• [THE PROBLEM] Skip the pictures. Output only the lines below starting at the line with "Cropped image of bicycle on corridor" and ending at the line with "Side view of", both ends included, exactly as they are.

• [MATERIAL PROVIDED]
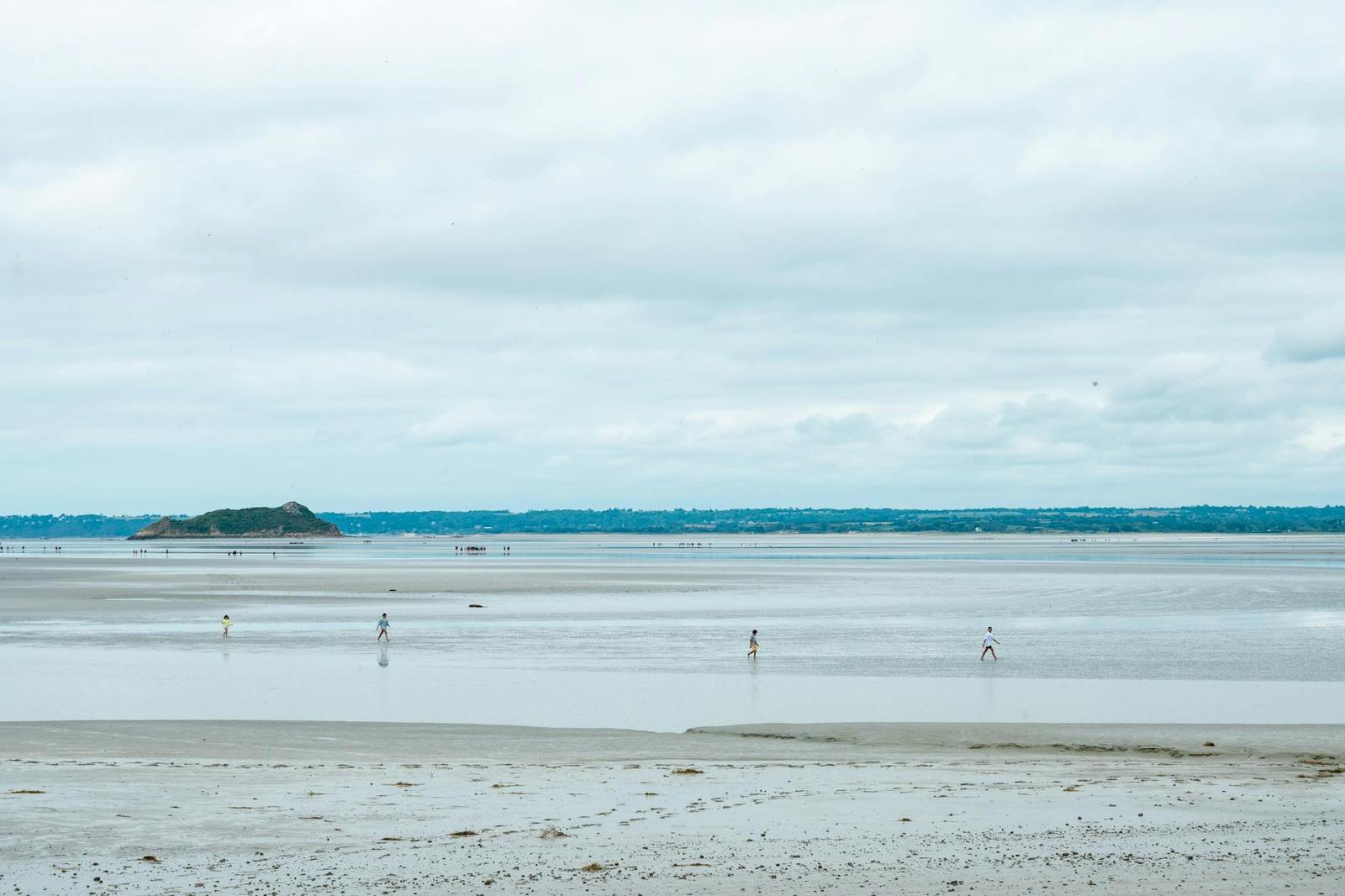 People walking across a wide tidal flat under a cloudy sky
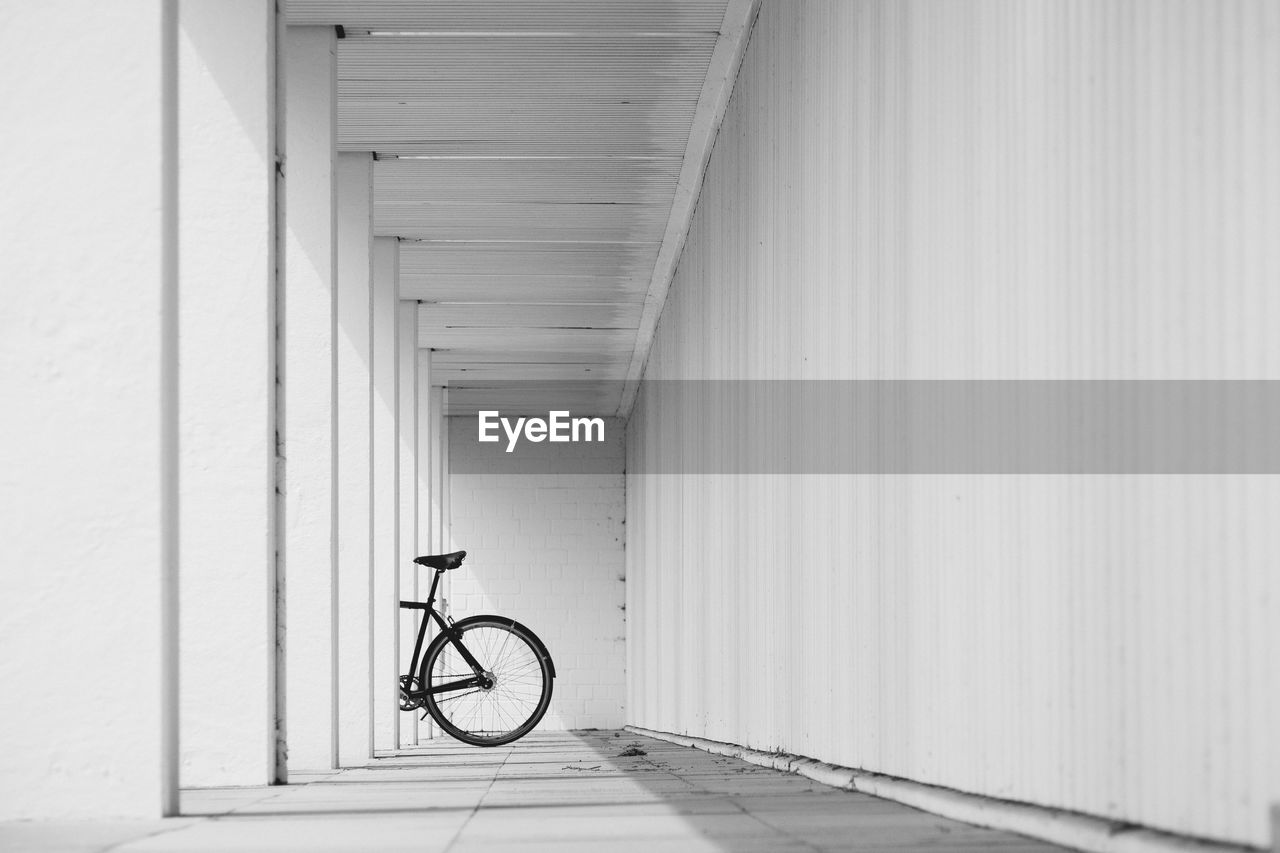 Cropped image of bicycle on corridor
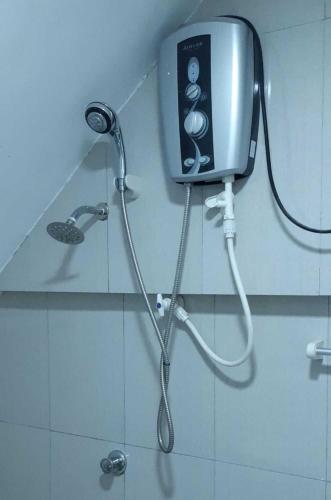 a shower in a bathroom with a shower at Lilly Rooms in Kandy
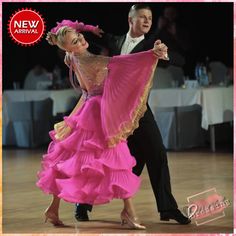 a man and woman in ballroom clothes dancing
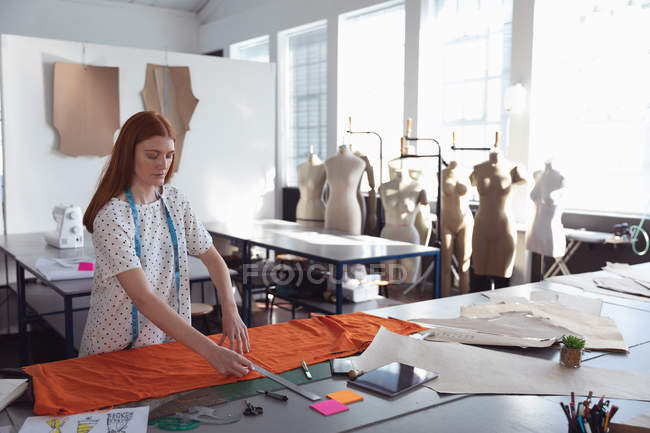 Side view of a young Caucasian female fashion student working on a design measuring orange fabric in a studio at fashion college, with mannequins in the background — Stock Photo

---

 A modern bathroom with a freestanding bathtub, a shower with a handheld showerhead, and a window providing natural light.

• [WRITTEN SOLUTION]
 Cropped image of bicycle on corridor
 a shower in a bathroom with a shower at Lilly Rooms in Kandy
 a man and woman in ballroom clothes dancing
 Side view of a young Caucasian female fashion student working on a design measuring orange fabric in a studio at fashion college, with mannequins in the background — Stock Photo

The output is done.